Dual immune checkpoint inhibition with nivolumab plus ipilimumab is a first-line standard-of-care for patients with aRCC of IMDC intermediate or poor risk1. However, approximately 20% of patients experience progressive disease as best response, representing an unmet medical need. In addition, first-line cabozantinib plus nivolumab has demonstrated clinical effectiveness in patients with aRCC2. In a phase 1 trial, triplet therapy (nivolumab/ipilimumab/cabozantinib) showed clinical activity and manageable toxicity3.

Based on this background, the phase 3 COSMIC-313 trial (NCT03937219) evaluated the efficacy and safety of first-line triple therapy (nivolumab/ipilimumab/cabozantinib) in patients with aRCC of poor or intermediate risk. Dr Toni Choueiri (Dana-Farber Cancer Institute, MA, USA) presented the first results4.

COSMIC-313 randomised 855 previously untreated aRCC patients with poor (25%) or intermediate (75%) risk to receive cabozantinib (40 mg once daily) or placebo plus 4 cycles of nivolumab (3 mg/kg every 3 weeks) and ipilimumab (1 mg/kg every 3 weeks) followed by nivolumab (480 mg every 3 weeks) up to 2 years. The primary endpoint of the study was PFS in the primary intention-to-treat population (PITT), defined as the 550 first randomised patients. Secondary endpoints were overall survival (OS) in the ITT population, objective response rate (ORR), duration of response, and safety.

A significant benefit in PFS for triple therapy in a first study of this type

Triple therapy significantly improved median PFS versus dual therapy (not reached vs 11.3 months; HR 0.73; P=0.013). PFS rates at 12 months were 57% and 49% with triple and dual therapy, respectively. Triple therapy favoured PFS in all pre-specified subgroups, except patients with IMDC poor risk (HR 1.04). ORR was 43% (3% complete response, 40% partial response) in patients treated with triple therapy versus 36% (3% complete, 33% partial) in patients treated with dual therapy.

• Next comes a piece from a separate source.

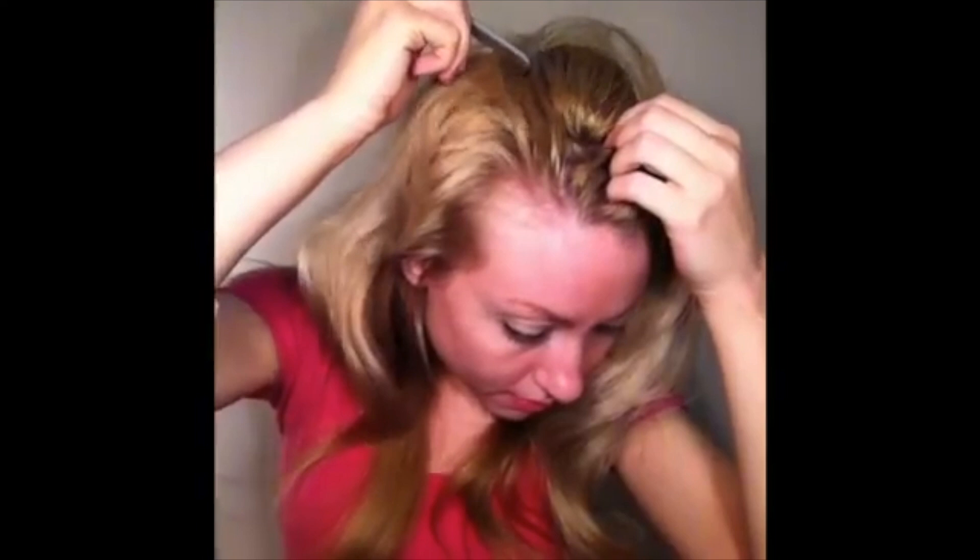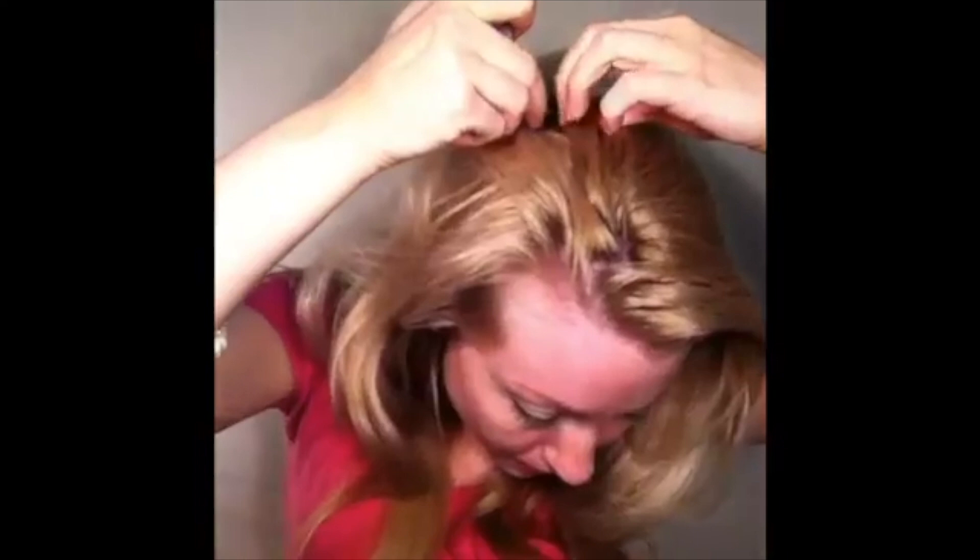That might even change things up a little bit. There's also the zigzag part where you take your comb and zigzag it, then let it fall — that looks really pretty as well. Once you get to the end, use your finger on one side and then lift and separate. So play around with different parts and see if that might change up your look a little bit.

Median duration of response was not reached in both study arms. The safety profile of the triple therapy was generally manageable and consistent with the profiles of the treatment components. 

“This first study to use dual immune checkpoint inhibition as the control demonstrated a significant benefit in PFS for triple therapy with cabozantinib/nivolumab/ipilimumab in previously untreated patients with IMDC intermediate risk,” concluded Dr Choueiri. Follow-up for OS in ongoing.

  1. Motzer RJ, et al. N Engl J Med. 2018;378:1277–1290.
  2. Choueiri TK, et al. N Eng J Med. 2021;384:829–841.
  3. Apolo AB, et al. J Clin Oncol. 2020;38:3672–3784.
  4. Choueiri TK, et al. Phase III study of cabozantinib (C) in combination with nivolumab (N) and ipilimumab (I) in previously untreated advanced renal cell carcinoma (aRCC) of IMDC intermediate or poor risk (COSMIC-313). Abstract LBA8, ESMO Congress 2022, Paris, France, 09–13 September.